*** INFORMATION PROVIDED Section Begins ***

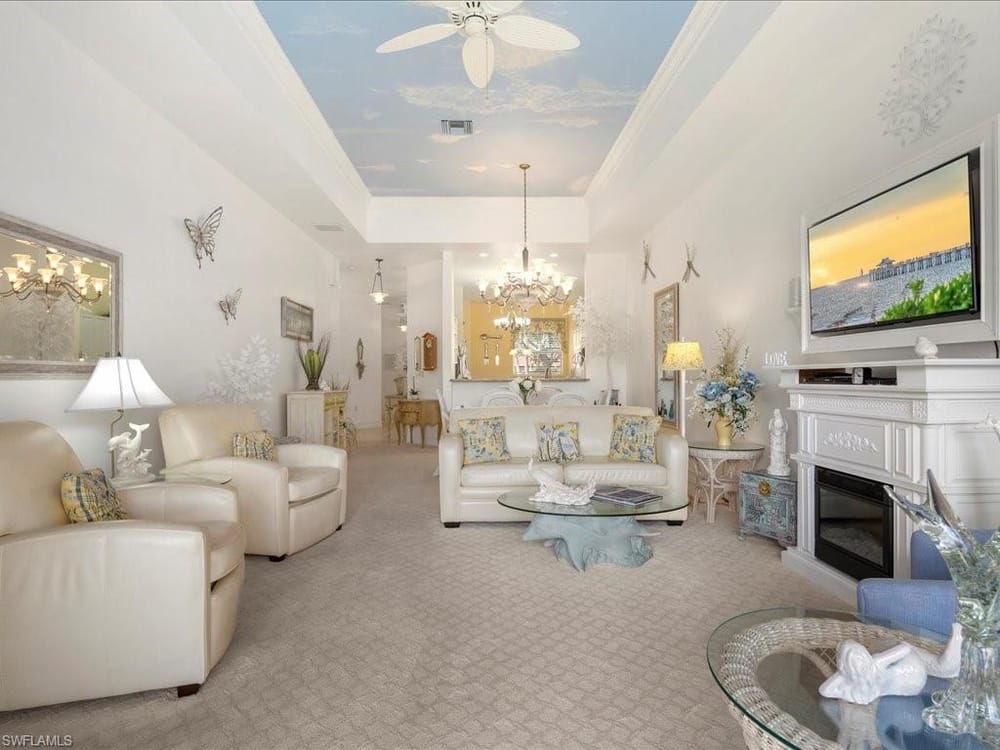 7918 Haven Dr. 2 – #225018535 - Blue Heron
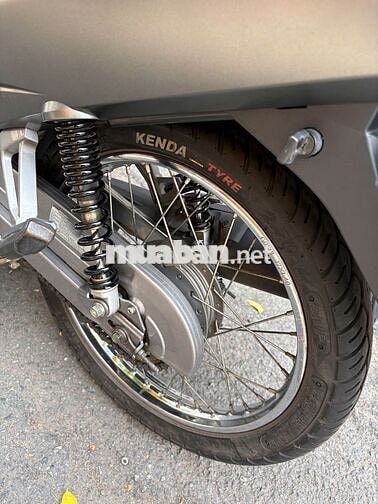 Yamaha Sirius 110cc 2023 bs 77an-01320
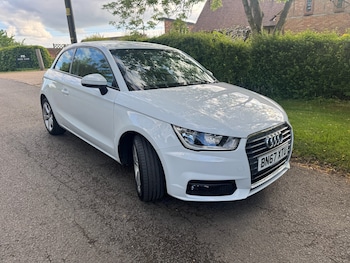 Used Audi A1 2017 for sale - 78545164: Photo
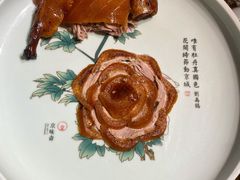 -京味斋·烤鸭·北京菜(安贞店)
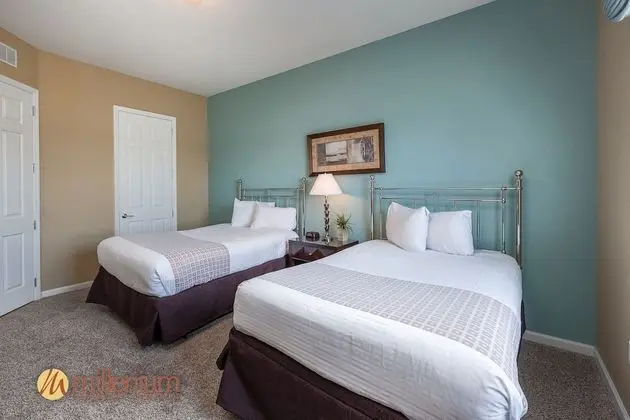Premium Daire, 2 Yatak Odası, 2 Banyolu (2 Bedroom /2 Bath Premium Condo-Suite)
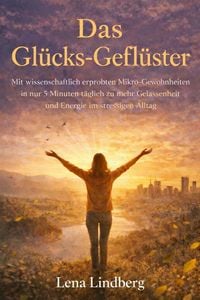 Produktbild: Das Gl&uuml;cks-Gefl&uuml;ster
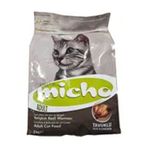 Micho Adult Cat Tavuklu Hamsi ve Pirinç Yetişkin Kedi Maması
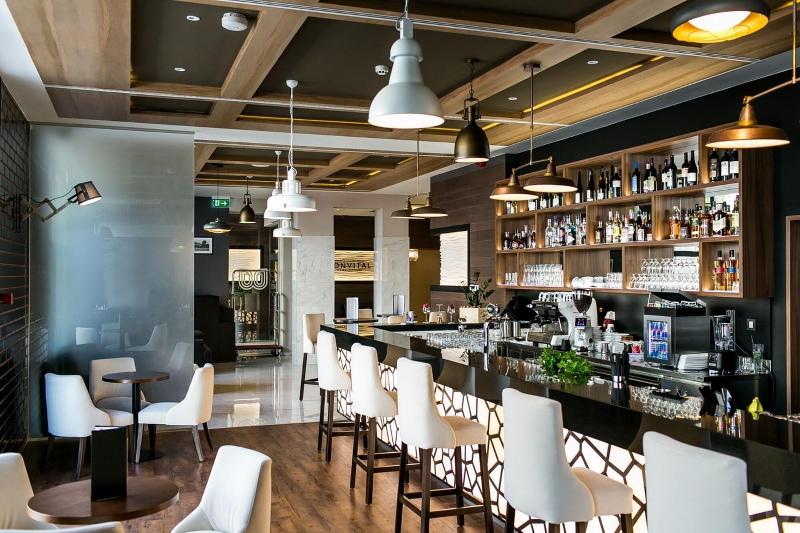 Bonvital Hotel Hévíz Superior Adults Only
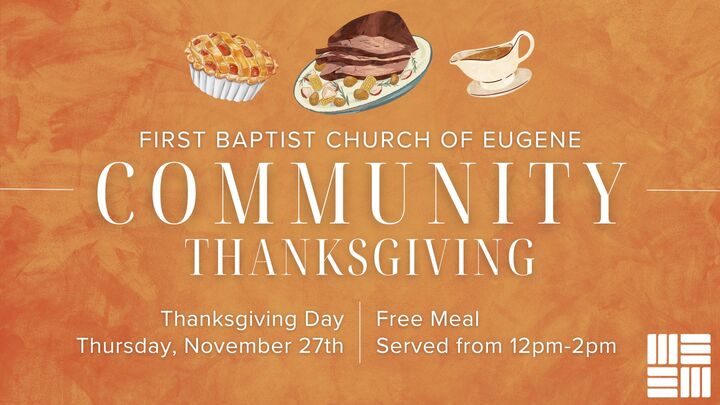 Community Thanksgiving logo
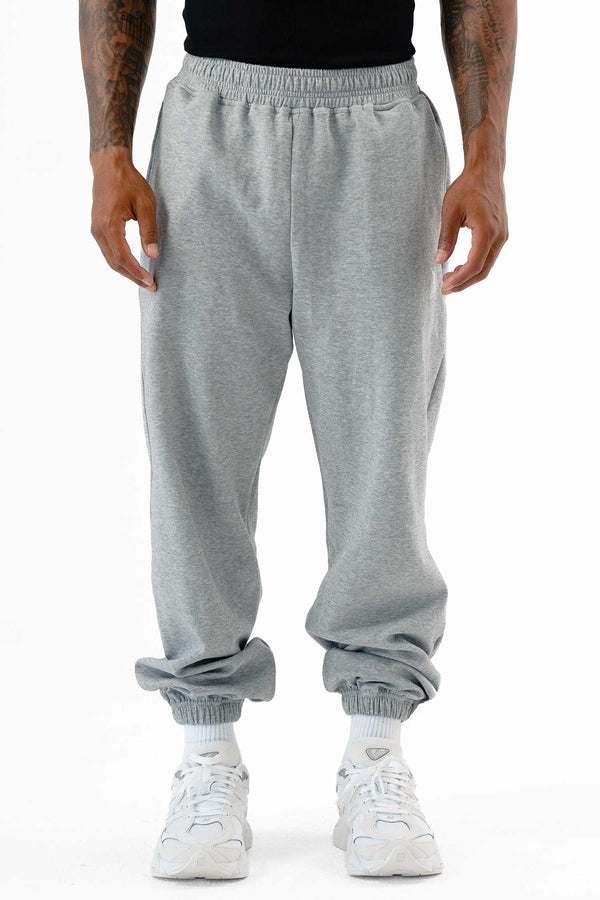 Legacy Joggers Heather Gray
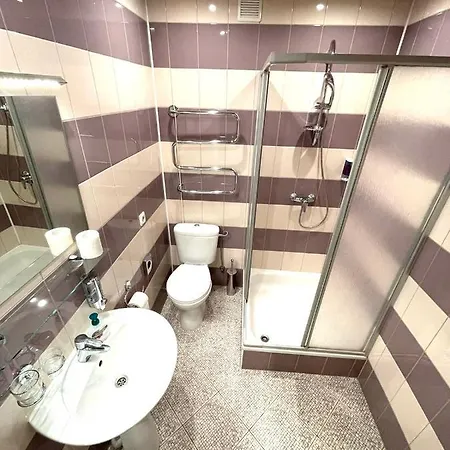 Apartment Alanga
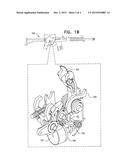 APPARATUS AND METHOD FOR IMPROVING HIT PROBABILITY OF A FIREARM diagram and image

*** INFORMATION PROVIDED Section Ends ***

*DIRECTIONS*
Quote, exactly and only, the lines from the first line of the data above through the line containing "Produktbild: Das Gl&uuml;cks-Gefl&uuml;ster". The pictures do not belong in it.

*TASK RESULT*
 7918 Haven Dr. 2 – #225018535 - Blue Heron
 Yamaha Sirius 110cc 2023 bs 77an-01320
 Used Audi A1 2017 for sale - 78545164: Photo
 -京味斋·烤鸭·北京菜(安贞店)
Premium Daire, 2 Yatak Odası, 2 Banyolu (2 Bedroom /2 Bath Premium Condo-Suite)
 Produktbild: Das Gl&uuml;cks-Gefl&uuml;ster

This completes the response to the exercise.